▸ **EXERCISE**: Beginning with the line that holds "lautra.lt snapshot" and ending with the last line of the entries below, copy every line exactly and nothing else, with the pictures left out.

▸ **Scraped caption text data**:

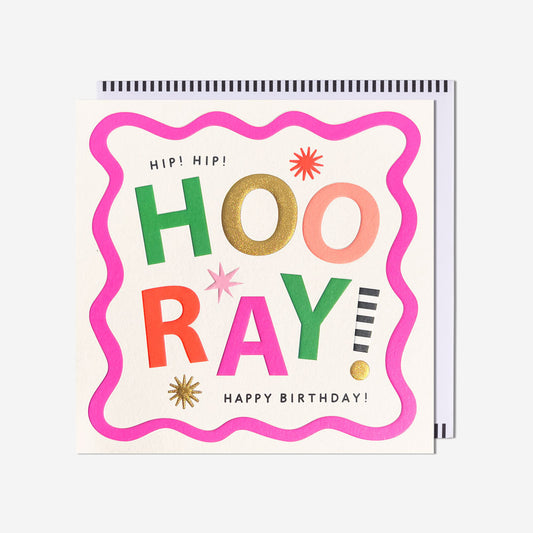 Hip Hip Hooray! Birthday Card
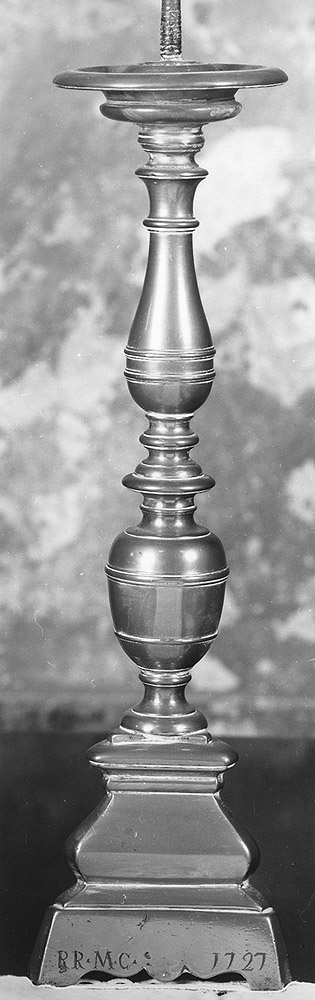 candeliere - manifattura emiliana (sec. XVIII)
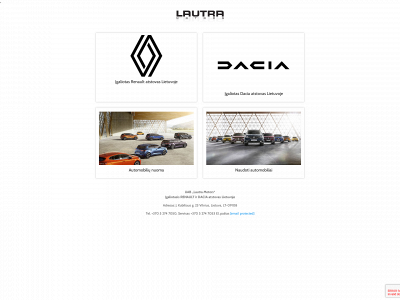 lautra.lt snapshot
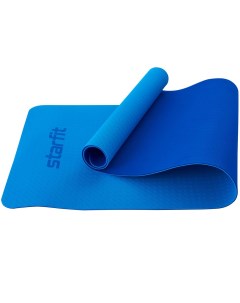 Коврик для йоги и фитнеса 173x61x0 6см TPE FM 201 синий темно синий Starfit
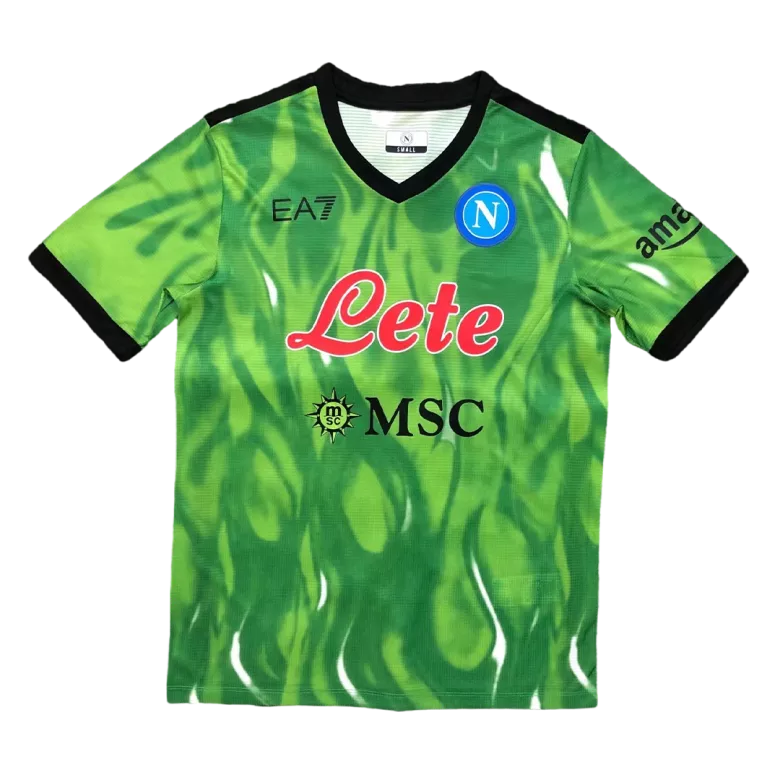 Napoli Goalkeeper Jersey 2021/22 - Green - gojersey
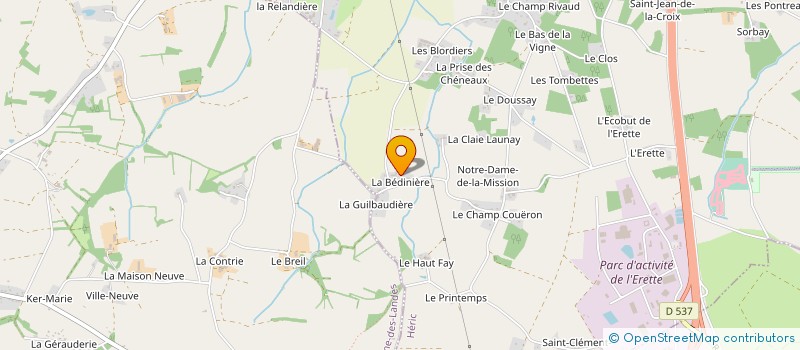 localisation de l'entreprise MONSIEUR JEROME COURTIN à HERIC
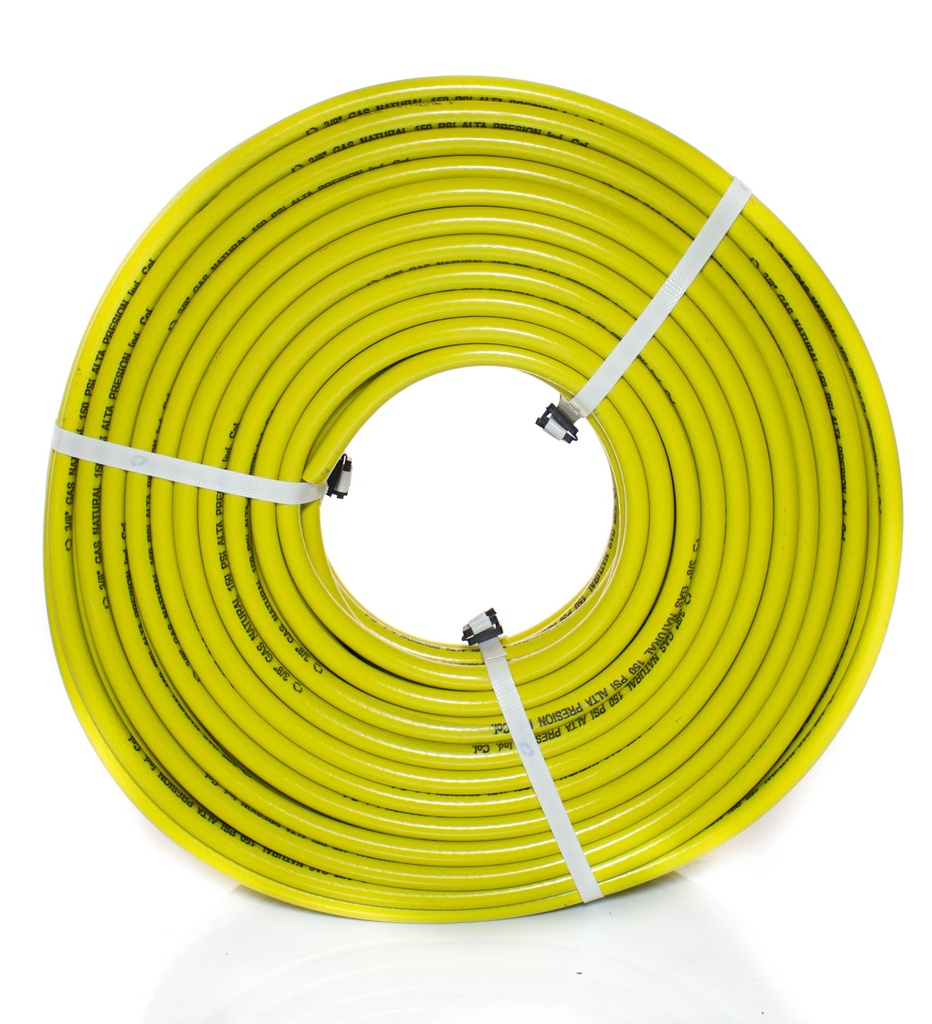 MANGUERA GAS AMARILLA  X 100MTS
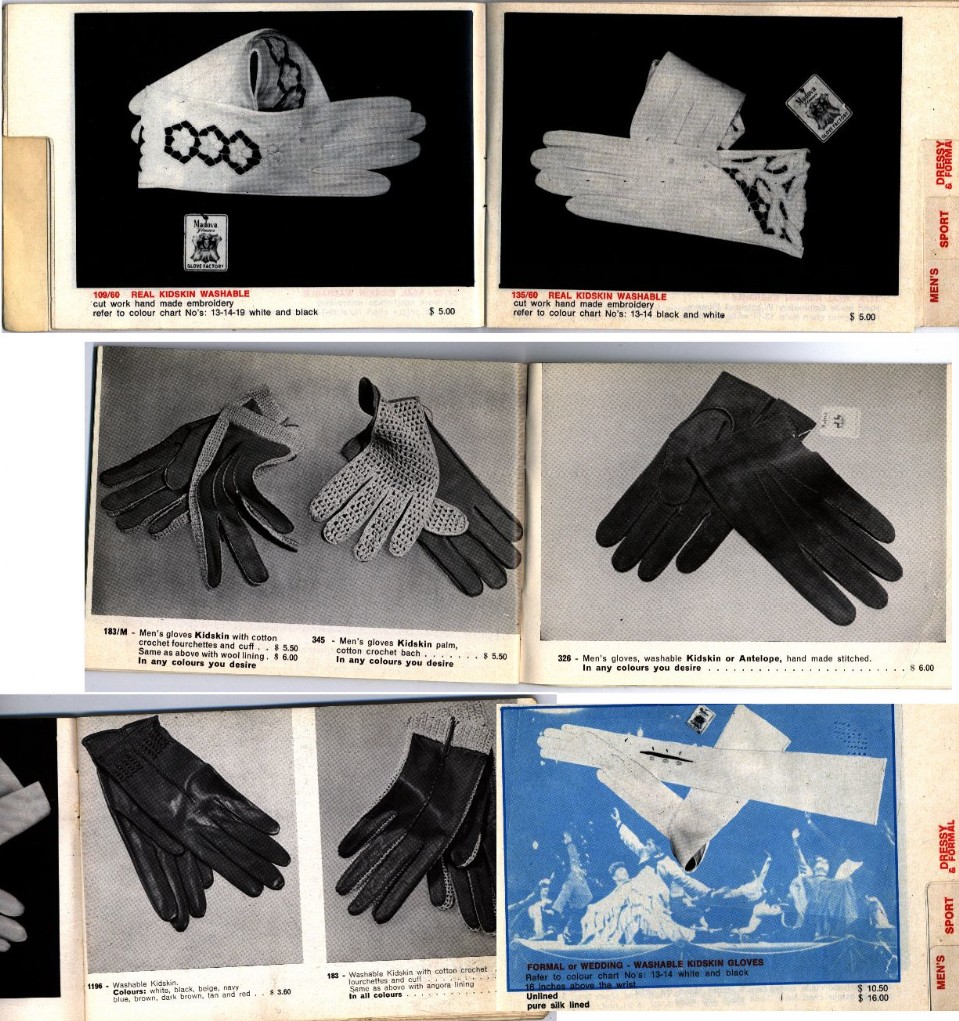 Old gloves catalogue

▸ **EXPECTED OUTPUT**:
 lautra.lt snapshot
 Коврик для йоги и фитнеса 173x61x0 6см TPE FM 201 синий темно синий Starfit
 Napoli Goalkeeper Jersey 2021/22 - Green - gojersey
 localisation de l'entreprise MONSIEUR JEROME COURTIN à HERIC
 MANGUERA GAS AMARILLA  X 100MTS
 Old gloves catalogue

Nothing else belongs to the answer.